Starter for Start-Stop Cranking System

Abstract

An apparatus for cranking an engine that includes a starter motor that includes an armature shaft, a pinion connected to the armature shaft for rotation about an axis, the pinion being able to translate along the axis relative to the armature shaft toward a fixed surface that limits said translation, an engine crankshaft, a ring gear engaged with the pinion and driveably connected to the crankshaft, and a first spring for urging the pinion elastically toward with the fixed surface and the ring gear and elastically resisting axial translation of the pinion away from the ring gear.

Description

BACKGROUND OF THE INVENTION

1. Field of the Invention

This invention relates generally to an apparatus for starting an internal combustion engine, and, in particular, to a start-stop engine cranking system.

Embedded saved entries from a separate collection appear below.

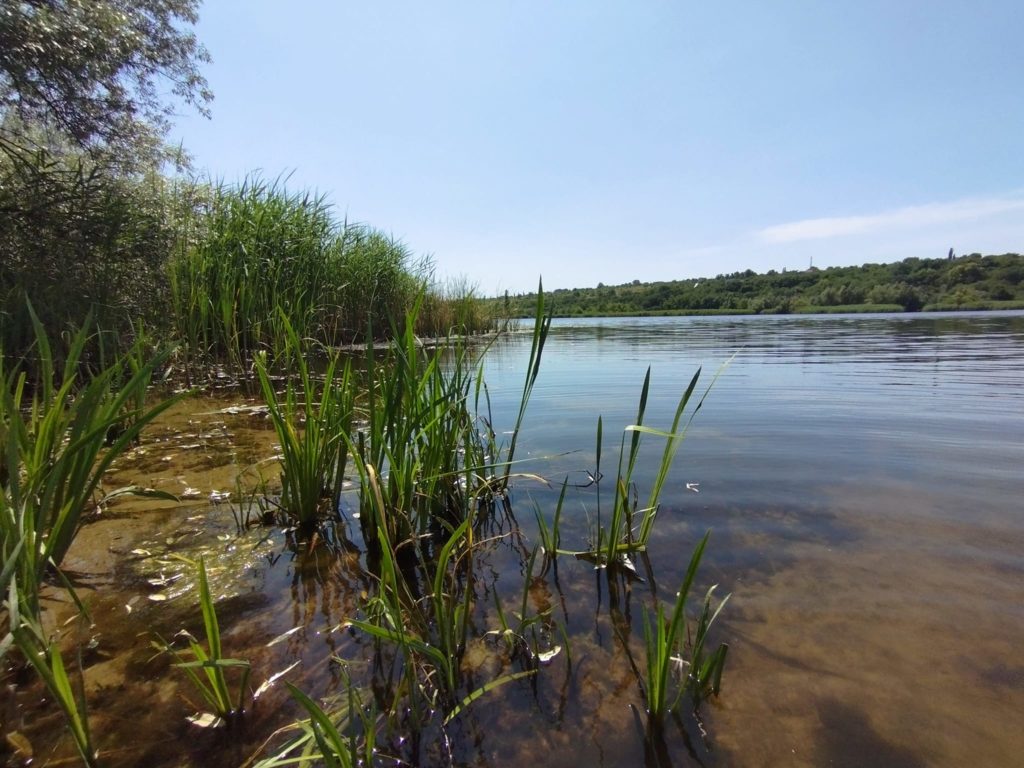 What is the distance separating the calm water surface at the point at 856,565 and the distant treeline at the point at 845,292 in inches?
1363

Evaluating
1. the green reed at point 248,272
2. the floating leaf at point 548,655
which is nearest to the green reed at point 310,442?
the floating leaf at point 548,655

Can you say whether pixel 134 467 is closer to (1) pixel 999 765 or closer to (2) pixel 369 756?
(2) pixel 369 756

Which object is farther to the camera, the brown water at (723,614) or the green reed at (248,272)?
the green reed at (248,272)

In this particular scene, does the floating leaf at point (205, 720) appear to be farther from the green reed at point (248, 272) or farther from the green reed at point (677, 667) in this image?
the green reed at point (248, 272)

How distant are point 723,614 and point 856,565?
2.46ft

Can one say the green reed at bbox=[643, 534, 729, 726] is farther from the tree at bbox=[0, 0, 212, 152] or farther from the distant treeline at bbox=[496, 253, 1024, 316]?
the distant treeline at bbox=[496, 253, 1024, 316]

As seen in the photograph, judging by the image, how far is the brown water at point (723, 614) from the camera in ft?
4.17

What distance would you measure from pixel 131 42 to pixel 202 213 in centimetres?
433

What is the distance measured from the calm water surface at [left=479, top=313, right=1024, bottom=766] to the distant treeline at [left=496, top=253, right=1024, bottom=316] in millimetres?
34628

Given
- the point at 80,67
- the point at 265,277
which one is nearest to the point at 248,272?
the point at 265,277

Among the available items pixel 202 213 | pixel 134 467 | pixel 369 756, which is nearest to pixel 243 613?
pixel 369 756

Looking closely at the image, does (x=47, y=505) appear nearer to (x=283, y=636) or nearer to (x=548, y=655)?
(x=283, y=636)

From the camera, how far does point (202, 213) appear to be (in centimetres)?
827

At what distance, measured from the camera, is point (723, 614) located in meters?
1.80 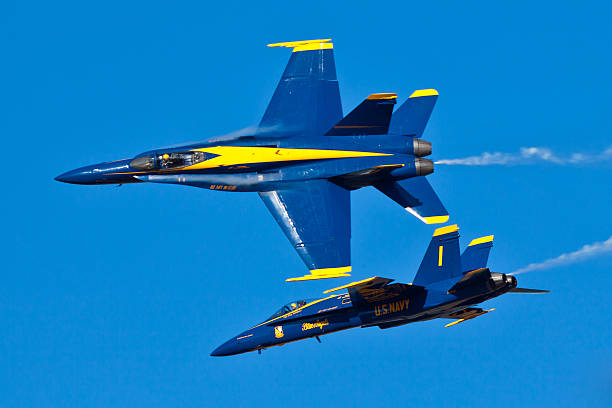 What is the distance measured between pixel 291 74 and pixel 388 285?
8.92m

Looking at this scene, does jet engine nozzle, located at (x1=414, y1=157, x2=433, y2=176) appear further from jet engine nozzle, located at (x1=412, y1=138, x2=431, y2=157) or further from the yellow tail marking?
the yellow tail marking

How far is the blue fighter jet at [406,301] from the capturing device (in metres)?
56.5

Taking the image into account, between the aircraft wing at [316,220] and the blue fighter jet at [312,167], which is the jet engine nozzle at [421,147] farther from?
the aircraft wing at [316,220]

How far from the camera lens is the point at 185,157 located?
58.7 metres

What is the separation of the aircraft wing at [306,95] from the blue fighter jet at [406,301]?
602 centimetres

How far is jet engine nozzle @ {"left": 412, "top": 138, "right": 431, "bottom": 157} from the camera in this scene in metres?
58.7

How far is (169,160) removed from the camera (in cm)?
5872

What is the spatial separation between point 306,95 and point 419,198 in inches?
215

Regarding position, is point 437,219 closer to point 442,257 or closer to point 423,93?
point 442,257

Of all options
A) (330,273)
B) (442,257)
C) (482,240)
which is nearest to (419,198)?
(482,240)

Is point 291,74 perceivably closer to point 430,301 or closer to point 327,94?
point 327,94

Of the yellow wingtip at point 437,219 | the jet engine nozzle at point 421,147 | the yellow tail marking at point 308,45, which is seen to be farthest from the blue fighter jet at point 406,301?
the yellow tail marking at point 308,45

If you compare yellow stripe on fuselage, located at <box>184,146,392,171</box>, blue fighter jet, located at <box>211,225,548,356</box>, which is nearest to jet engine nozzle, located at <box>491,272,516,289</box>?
blue fighter jet, located at <box>211,225,548,356</box>

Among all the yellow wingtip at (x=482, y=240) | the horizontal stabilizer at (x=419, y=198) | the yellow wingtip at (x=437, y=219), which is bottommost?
the yellow wingtip at (x=482, y=240) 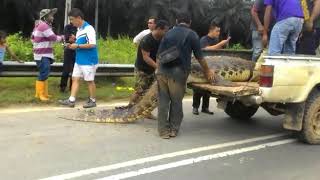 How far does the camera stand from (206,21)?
60.7m

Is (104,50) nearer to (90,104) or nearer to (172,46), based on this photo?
(90,104)

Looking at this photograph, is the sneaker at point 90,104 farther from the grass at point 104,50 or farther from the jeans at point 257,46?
the jeans at point 257,46

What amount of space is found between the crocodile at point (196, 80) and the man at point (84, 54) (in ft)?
3.55

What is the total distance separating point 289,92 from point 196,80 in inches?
53.7

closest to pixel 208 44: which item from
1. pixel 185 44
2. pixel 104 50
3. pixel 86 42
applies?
pixel 86 42

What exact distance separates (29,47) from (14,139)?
6.03 m

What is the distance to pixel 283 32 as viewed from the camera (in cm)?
876

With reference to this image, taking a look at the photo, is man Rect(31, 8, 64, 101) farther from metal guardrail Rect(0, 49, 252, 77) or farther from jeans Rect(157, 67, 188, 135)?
jeans Rect(157, 67, 188, 135)

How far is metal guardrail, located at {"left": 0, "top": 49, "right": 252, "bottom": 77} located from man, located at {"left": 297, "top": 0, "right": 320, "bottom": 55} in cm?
91

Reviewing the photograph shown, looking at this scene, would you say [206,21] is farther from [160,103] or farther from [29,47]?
[160,103]

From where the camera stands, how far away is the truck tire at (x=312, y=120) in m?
8.10

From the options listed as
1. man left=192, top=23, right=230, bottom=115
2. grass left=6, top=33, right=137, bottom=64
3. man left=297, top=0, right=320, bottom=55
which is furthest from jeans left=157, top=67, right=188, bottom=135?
grass left=6, top=33, right=137, bottom=64

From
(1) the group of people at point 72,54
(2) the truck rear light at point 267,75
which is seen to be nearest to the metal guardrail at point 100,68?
(1) the group of people at point 72,54

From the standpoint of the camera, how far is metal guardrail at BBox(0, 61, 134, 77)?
1133 cm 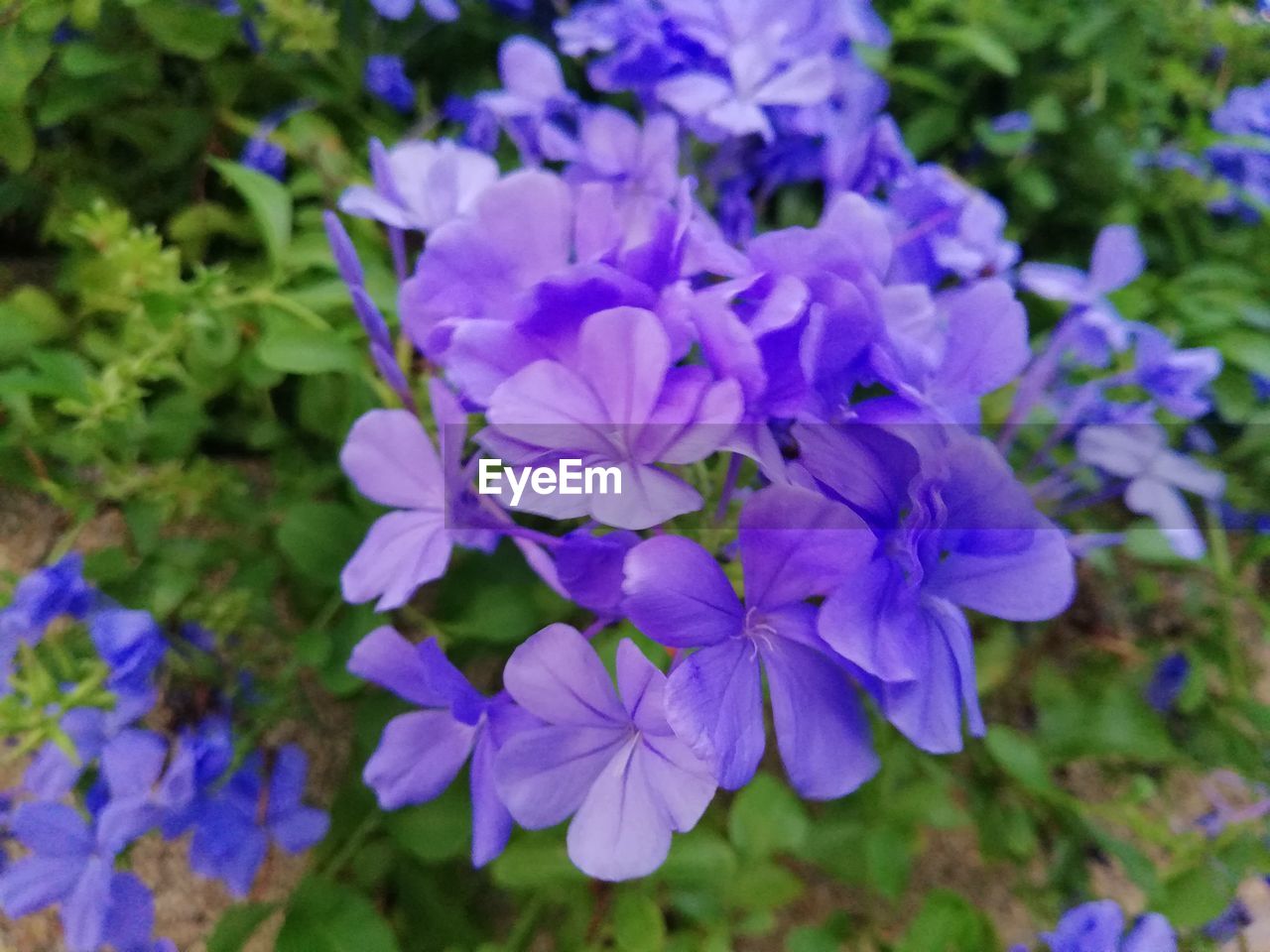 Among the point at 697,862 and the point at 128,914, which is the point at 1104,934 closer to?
the point at 697,862

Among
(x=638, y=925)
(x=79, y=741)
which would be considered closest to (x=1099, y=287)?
(x=638, y=925)

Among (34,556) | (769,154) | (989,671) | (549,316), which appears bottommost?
(989,671)

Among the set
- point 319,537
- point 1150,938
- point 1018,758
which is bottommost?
point 1018,758

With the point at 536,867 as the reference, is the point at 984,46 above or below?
above

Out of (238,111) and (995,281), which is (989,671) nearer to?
(995,281)

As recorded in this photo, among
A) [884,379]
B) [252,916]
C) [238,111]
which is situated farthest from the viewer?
[238,111]

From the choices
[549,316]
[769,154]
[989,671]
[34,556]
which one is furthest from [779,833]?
[34,556]

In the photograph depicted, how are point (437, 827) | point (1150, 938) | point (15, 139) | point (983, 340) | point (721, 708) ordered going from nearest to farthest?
point (721, 708) < point (983, 340) < point (1150, 938) < point (437, 827) < point (15, 139) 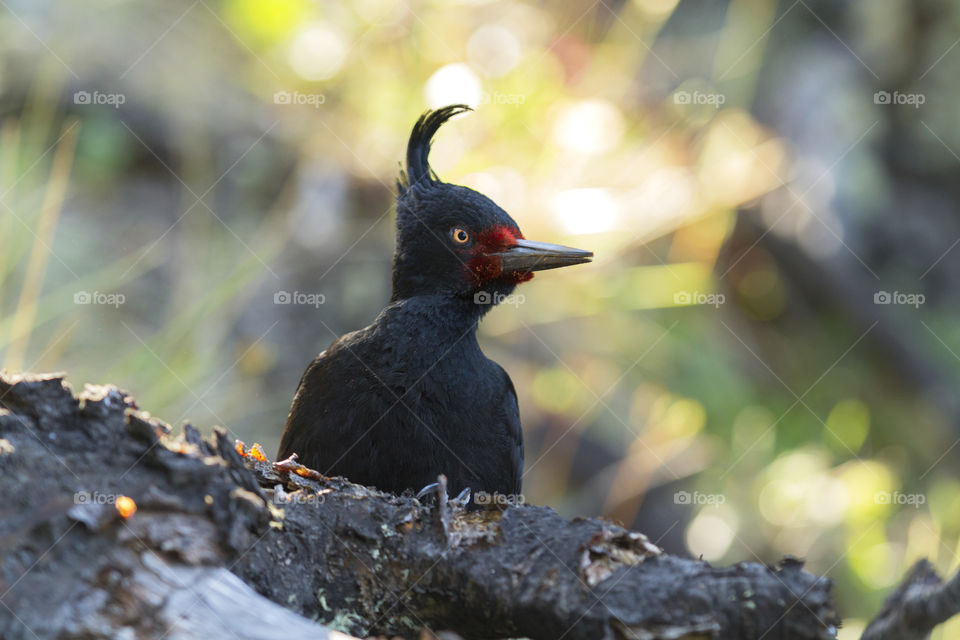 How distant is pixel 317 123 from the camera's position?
6.91 meters

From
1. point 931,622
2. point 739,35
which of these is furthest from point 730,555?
point 931,622

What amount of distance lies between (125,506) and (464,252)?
6.00ft

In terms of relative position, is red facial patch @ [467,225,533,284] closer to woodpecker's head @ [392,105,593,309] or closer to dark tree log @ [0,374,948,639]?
woodpecker's head @ [392,105,593,309]

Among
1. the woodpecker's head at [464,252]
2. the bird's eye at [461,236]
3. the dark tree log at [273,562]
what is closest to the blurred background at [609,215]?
the woodpecker's head at [464,252]

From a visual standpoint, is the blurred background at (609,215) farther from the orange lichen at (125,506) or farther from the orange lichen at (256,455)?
the orange lichen at (125,506)

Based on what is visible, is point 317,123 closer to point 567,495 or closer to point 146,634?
point 567,495

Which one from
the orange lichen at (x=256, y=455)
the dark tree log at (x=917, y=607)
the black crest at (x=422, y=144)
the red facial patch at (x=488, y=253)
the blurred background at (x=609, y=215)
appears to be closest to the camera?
the dark tree log at (x=917, y=607)

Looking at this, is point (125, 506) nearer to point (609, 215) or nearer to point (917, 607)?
point (917, 607)

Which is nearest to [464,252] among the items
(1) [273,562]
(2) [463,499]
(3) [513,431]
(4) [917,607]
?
(3) [513,431]

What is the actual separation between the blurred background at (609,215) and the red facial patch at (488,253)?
8.31ft

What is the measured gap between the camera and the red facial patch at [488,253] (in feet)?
10.6

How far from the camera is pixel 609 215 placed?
243 inches

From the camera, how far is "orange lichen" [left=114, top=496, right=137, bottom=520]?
1580 millimetres

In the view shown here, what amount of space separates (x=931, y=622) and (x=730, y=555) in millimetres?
4420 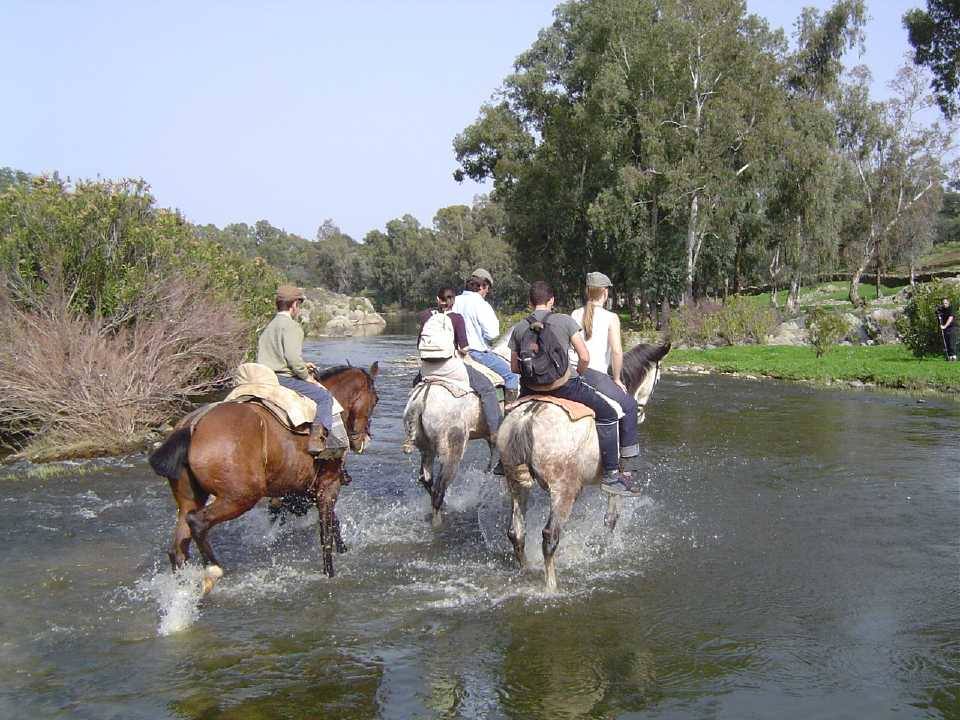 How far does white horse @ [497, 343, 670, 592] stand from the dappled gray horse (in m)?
2.05

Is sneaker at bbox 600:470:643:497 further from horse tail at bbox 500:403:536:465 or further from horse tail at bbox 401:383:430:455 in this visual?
horse tail at bbox 401:383:430:455

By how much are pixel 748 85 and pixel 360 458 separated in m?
35.4

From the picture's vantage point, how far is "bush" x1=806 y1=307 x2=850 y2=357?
29.1 metres

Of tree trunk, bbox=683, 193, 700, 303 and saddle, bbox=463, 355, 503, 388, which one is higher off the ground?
tree trunk, bbox=683, 193, 700, 303

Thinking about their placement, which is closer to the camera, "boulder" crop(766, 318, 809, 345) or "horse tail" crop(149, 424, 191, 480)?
"horse tail" crop(149, 424, 191, 480)

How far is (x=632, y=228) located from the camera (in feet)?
148

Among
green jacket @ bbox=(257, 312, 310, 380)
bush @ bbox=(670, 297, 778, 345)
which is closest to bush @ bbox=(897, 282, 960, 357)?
bush @ bbox=(670, 297, 778, 345)

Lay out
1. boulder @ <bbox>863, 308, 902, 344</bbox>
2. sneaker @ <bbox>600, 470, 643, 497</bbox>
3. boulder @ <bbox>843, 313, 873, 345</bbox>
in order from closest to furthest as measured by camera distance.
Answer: sneaker @ <bbox>600, 470, 643, 497</bbox>, boulder @ <bbox>863, 308, 902, 344</bbox>, boulder @ <bbox>843, 313, 873, 345</bbox>

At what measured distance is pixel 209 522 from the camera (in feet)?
24.5

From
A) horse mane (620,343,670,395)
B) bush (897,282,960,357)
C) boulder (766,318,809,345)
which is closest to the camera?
horse mane (620,343,670,395)

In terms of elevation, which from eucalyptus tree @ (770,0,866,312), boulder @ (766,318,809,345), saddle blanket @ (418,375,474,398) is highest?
eucalyptus tree @ (770,0,866,312)

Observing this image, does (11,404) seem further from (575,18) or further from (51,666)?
(575,18)

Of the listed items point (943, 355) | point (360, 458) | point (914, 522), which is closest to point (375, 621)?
point (914, 522)

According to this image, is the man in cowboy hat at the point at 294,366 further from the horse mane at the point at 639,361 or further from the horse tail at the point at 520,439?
the horse mane at the point at 639,361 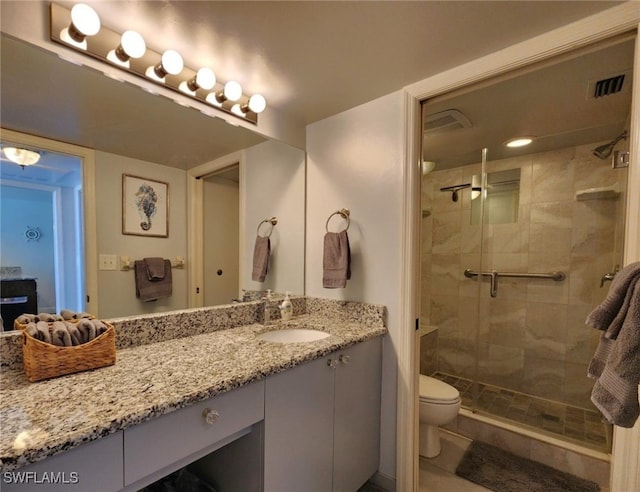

2. Description of the Prior Art

An electrical starting motor is used to crank and start an engine in an automotive vehicle. Under normal driving conditions, the engine continues to run after it is cranked by the starting motor. To improve fuel economy, a stop-start engine cranking system turns the engine off after the vehicle stops for a predetermined period, and automatically restarts the engine in response to the vehicle operator's depressing the accelerator pedal, which indicates a desire to accelerate the vehicle. These actions occur without need to turn the ignition key either on or off.

In one version of a stop-start engine cranking system a starter pinion is permanently engaged with a ring gear, which is driveably connected to the engine. In that application, the pinion must be precisely located in axial alignment with the ring gear because the pinion and ring gear have helical teeth to reduce gear meshing noise. Due to the helical gears, the force that transmits torque between the engaged teeth has an axially directed component. A large variation in the axial location of the ring gear on the engine crankshaft is present in many vehicles. Yet constant axial contact between starter pinion and ring gear is required for quite reliable operation despite the variation in the axial position of the ring gear on the crankshaft.

A need exists in the industry for a technique that reliably and predictably aligns the starter pinion with the ring gear despite the variation in the axial position of the ring gear on the crankshaft, particularly when helical gear teeth are used.

SUMMARY OF THE INVENTION

An apparatus for cranking an engine that includes a starter motor that includes an armature shaft, a pinion connected to the armature shaft for rotation about an axis, the pinion being able to translate along the axis relative to the armature shaft toward a fixed surface that limits said translation, an engine crankshaft, a ring gear engaged with the pinion and driveably connected to the crankshaft, and a first spring for urging the pinion elastically toward with the fixed surface and the ring gear and elastically resisting axial translation of the pinion away from the ring gear.

During installation of the starter assembly in a vehicle, the apparatus accommodates variation in the axial location of the ring gear and positions the armature shaft at its desired axial location in the starter motor by providing a compression spring that both urges the pinion axially toward the ring gear and elastically forces the armature shaft against a stop in the motor.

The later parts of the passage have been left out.